6-24 September, Hastings Showground
It is fitting that with the festival season nearly upon us the circus is in town. (The temptation to veer into a political metaphor here is acute I assure you). The Big Top stands front and centre at the Showgrounds in Hastings. Last week there was one similar at the Domain in Havelock then at Marine Parade in Napier. There’s nothing like a Big Top to bring the punters. Competing circuses – Zirka and Weber Bros – have been doing the rounds as the do every other year. Each time they bring brighter, bigger, better enticements. Tonight we’re queuing for “Adrenaline”. We’ve been promised motorbikes, a human cannonball, candyfloss.
Circus is like a gateway drug for audiences. It’s on these rickety bleaches that the crowd succumbs to “The Show” and becomes The Audience. An audience can’t just sit there, like they’re watching the telly. An audience has to gasp, squeal, ooo-and-ahh, shout, clap, pound their feet and belly-laugh like they mean it. Watching the little kids, you can see how it’s done. Peaking on coke and floss, these kids are edgy with excitement. When the clown shouts “We Will We Will” these kids take it as a wero and chant back “Rock You!” Their dads are right their with them. Six of them end up in the ring with the clown, playing teeny tiny bells on command.
Weber Bros has many of the elements of a traditional circus – although all animals are long gone – but with a kind of retro cool modern aesthetic. Like the future we imagined when we were all 12. Fluoro paint and lazers, spandex and studded denim. The kid next to me marvels when the white light makes her shoelaces glow. “Welcome to the future” I tell her. There’s the clown and the aerial acrobats, the cannon ball, the “Globe of Doom” where two motorbikes ride 360 degrees inside a metal ball. The big finale is motorbikes zooming up a ramp, sailing high above the ring, landing with a clatter in the darkness of the far side. My favourite act is the very simple but extremely well crafted Quick Change Dance. I’ve seen this on TV but I am literally out of my seat seeing it in the flesh (so to speak). The glue that holds the whole thing together is the classic clown and the tiny ring master wearing a lace doily and sporting a huge voice. (At the intermission I see her from a distance in her trailer wrapped in a red dressing gown. A little boy runs past, “Mum, I’m going to the toilet,” he shouts at her. “All right love,” she calls back. Ahh the gypsy life of carnie folk).

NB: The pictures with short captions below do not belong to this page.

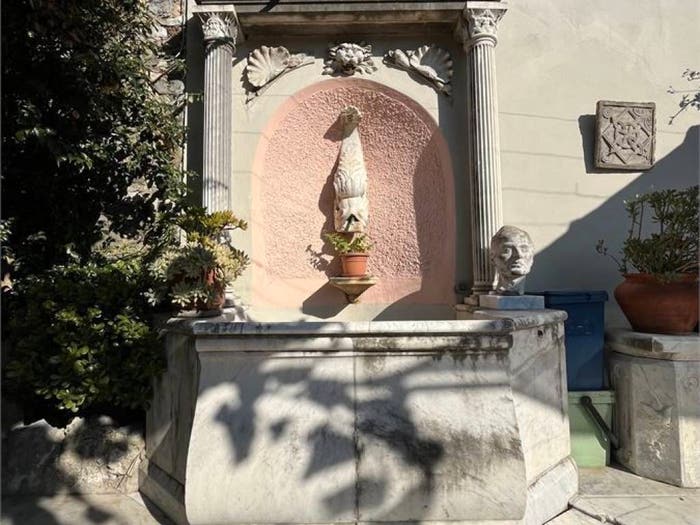Casa quadrilocale in vendita in Perticata Bonascola Nazzano, Carrara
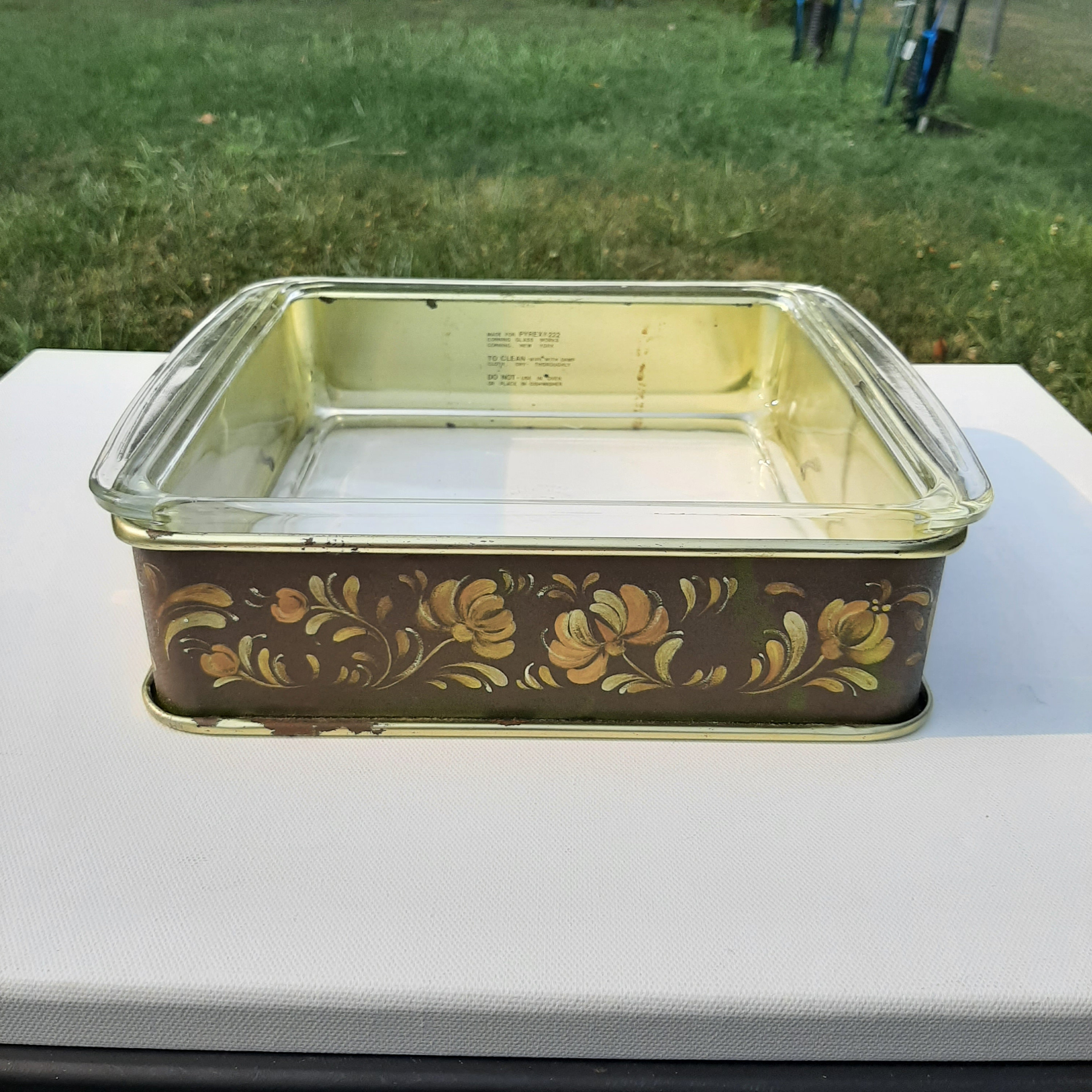 Vintage 1950s -- Pyrex -- Clear Glass -- 8x8x2 Baking Dish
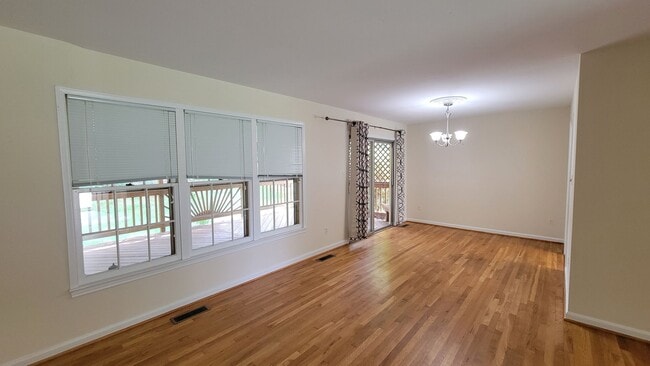 Building Photo - Stunning 4 Bedroom 2.5 Bathroom 3-Level Ho...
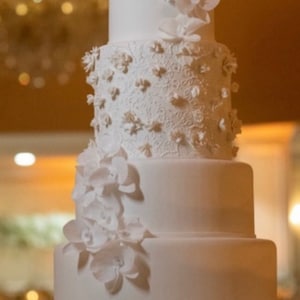 Wedding Cake Toppers Orchids Wafer Paper Orchids 24 PCS Wedding Cake Flowers White Elegant
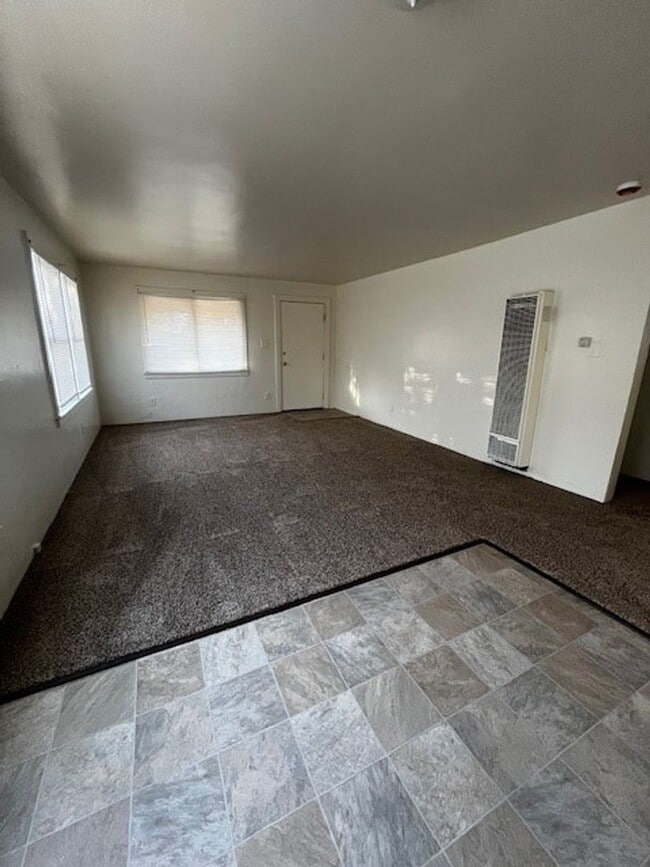 Building Photo - 2416 Center St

Weber Bros is a family run circus. Harry Weber is the man in charge and he comes from a long line of circus people. He and his wife have 7 children many of whom perform in the show. I googled to fact check later but even during the show that romantic air of a family on the road together is evident. There’s the burlies and the girlies, the stunt-men and the concession stand attendants, the swarthy brothers who are ushers at intermission and acrobats in the second half, and the lady who takes the tickets who really is the Mother of them all.
It’s a kind of performance art that has a rich history still very alive in the show we see today. Many festival acts take inspiration from circus or use the motifs, set-ups and rhythms as source material. Having circus as a genre so fresh in my mind seems a good way to set off into the busy few weeks ahead. I hope the enthusiasm of the circus crowd is echoed at the festivals. It takes a good audience to make a great show. (And it takes a ton of candy floss to make a good audience!)